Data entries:
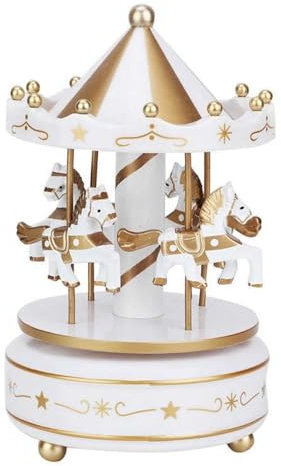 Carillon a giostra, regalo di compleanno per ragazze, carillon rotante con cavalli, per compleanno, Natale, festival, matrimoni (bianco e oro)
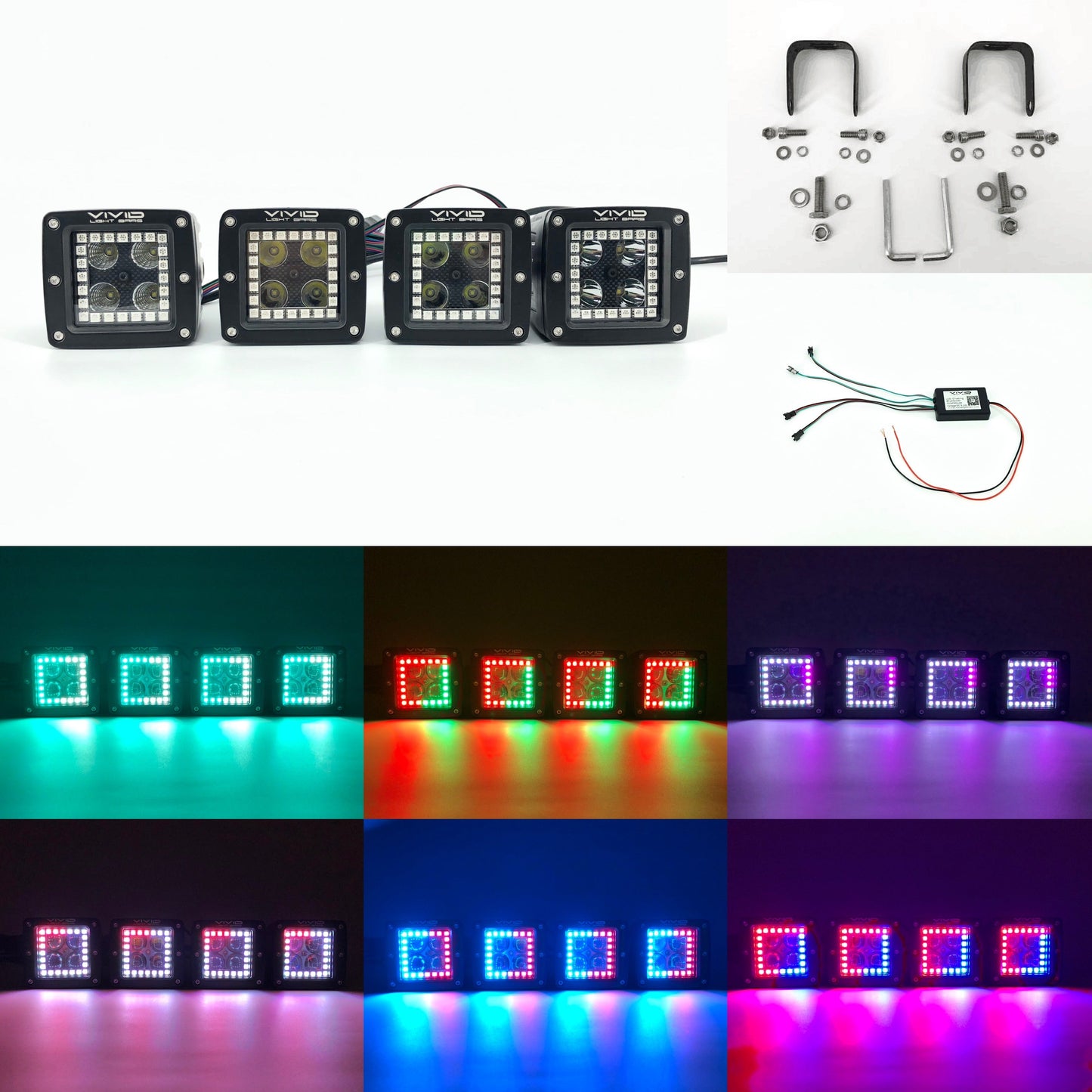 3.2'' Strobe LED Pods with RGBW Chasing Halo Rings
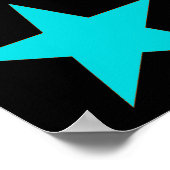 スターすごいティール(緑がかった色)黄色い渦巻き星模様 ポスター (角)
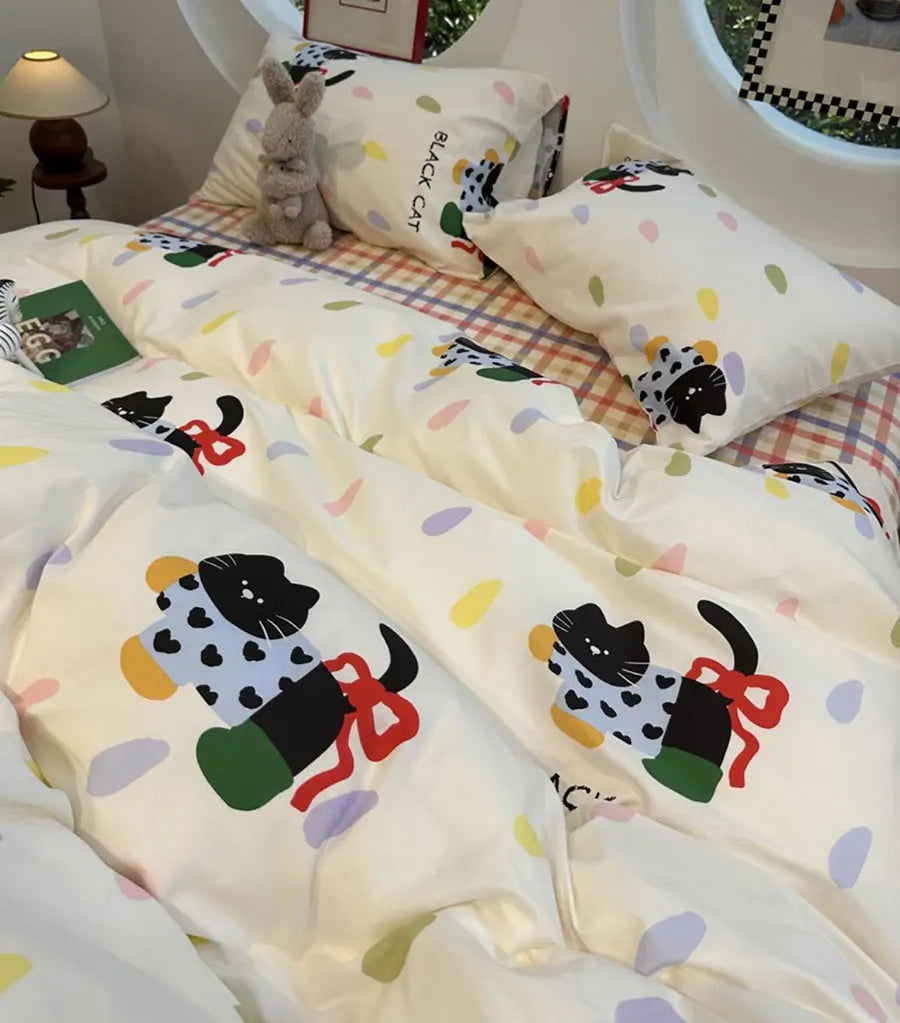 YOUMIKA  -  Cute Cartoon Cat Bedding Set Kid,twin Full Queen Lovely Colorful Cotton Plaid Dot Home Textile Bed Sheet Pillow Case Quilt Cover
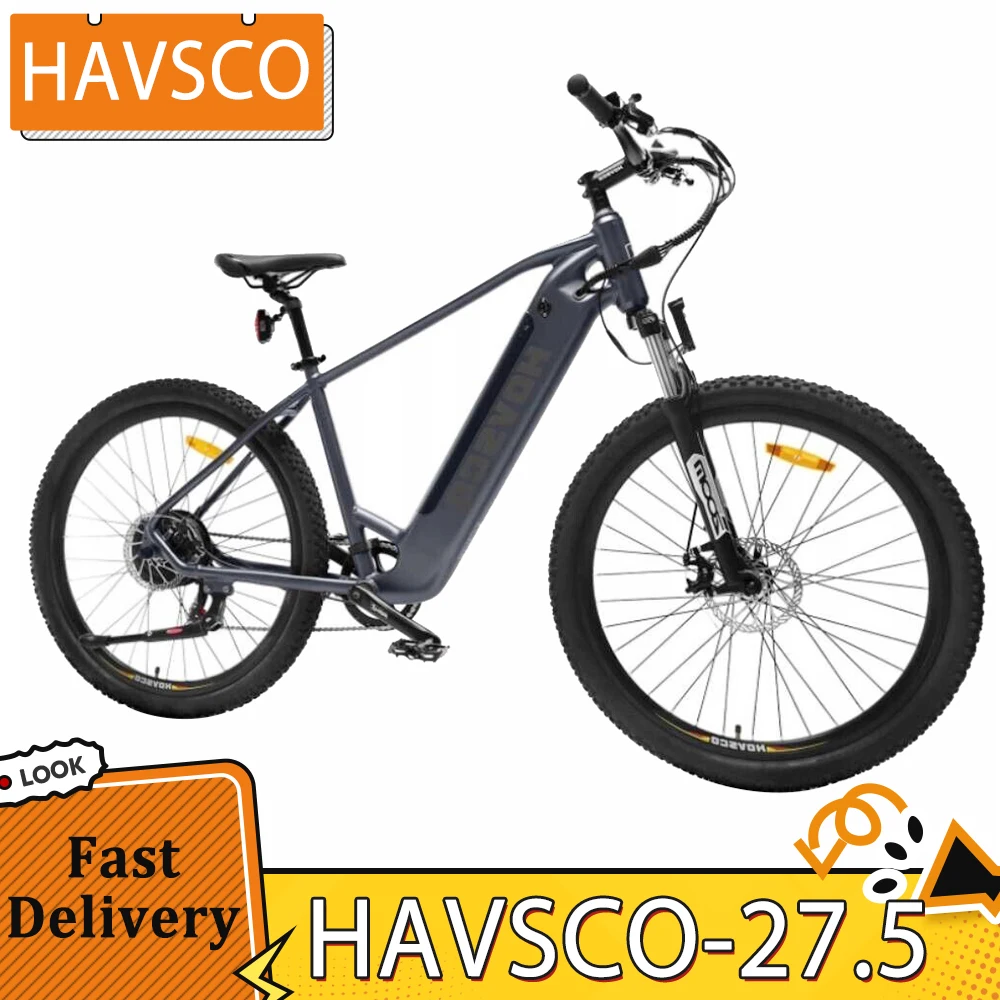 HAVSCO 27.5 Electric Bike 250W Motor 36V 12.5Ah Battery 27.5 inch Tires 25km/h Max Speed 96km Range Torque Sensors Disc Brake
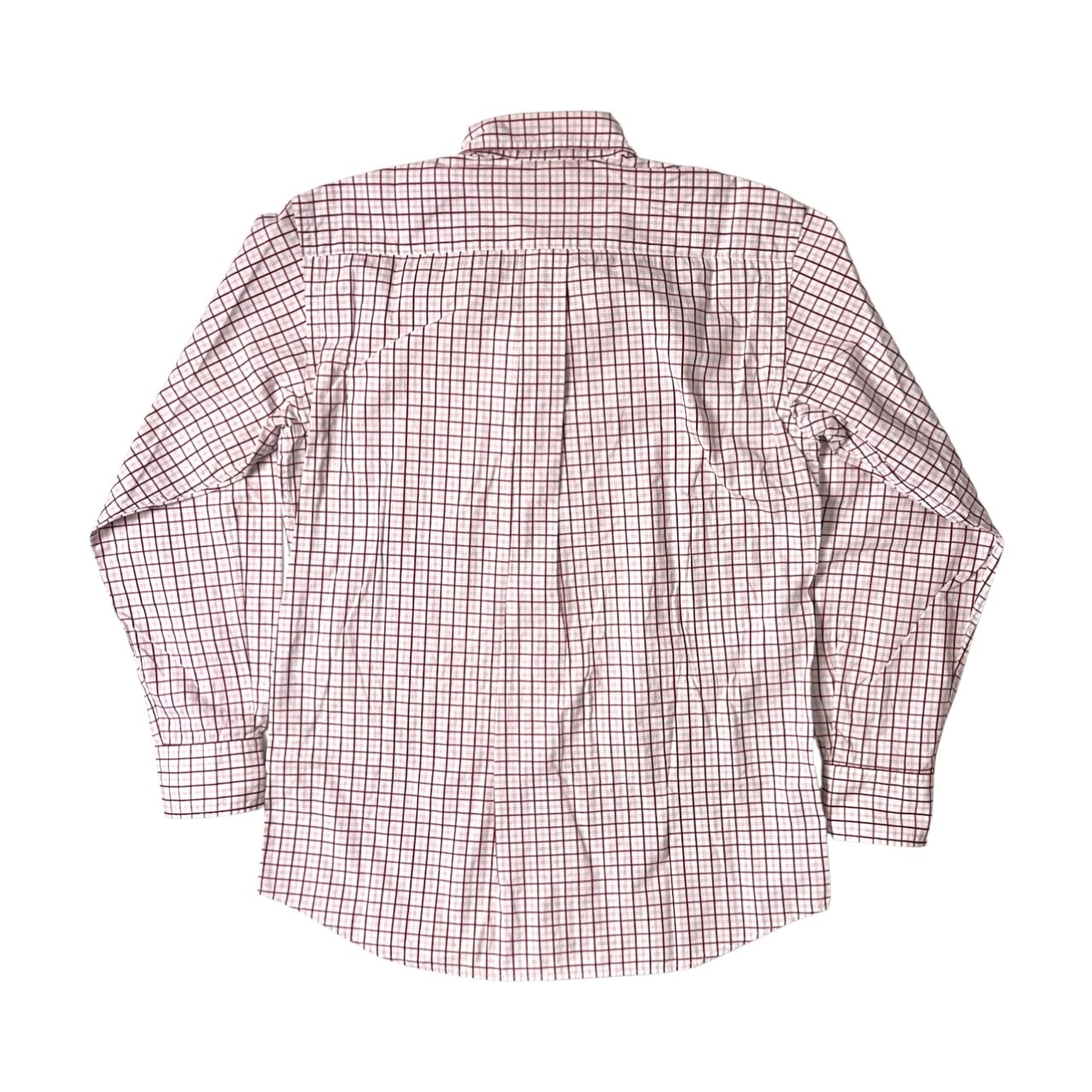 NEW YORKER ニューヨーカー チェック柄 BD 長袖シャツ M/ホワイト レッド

[What is being asked] Each line from the one holding "Case Quilt Cover" through the final line of the data needs to be transcribed exactly. Include both ends, skip the pictures, and add nothing.

[Answer space]
 YOUMIKA  -  Cute Cartoon Cat Bedding Set Kid,twin Full Queen Lovely Colorful Cotton Plaid Dot Home Textile Bed Sheet Pillow Case Quilt Cover
 HAVSCO 27.5 Electric Bike 250W Motor 36V 12.5Ah Battery 27.5 inch Tires 25km/h Max Speed 96km Range Torque Sensors Disc Brake
 NEW YORKER ニューヨーカー チェック柄 BD 長袖シャツ M/ホワイト レッド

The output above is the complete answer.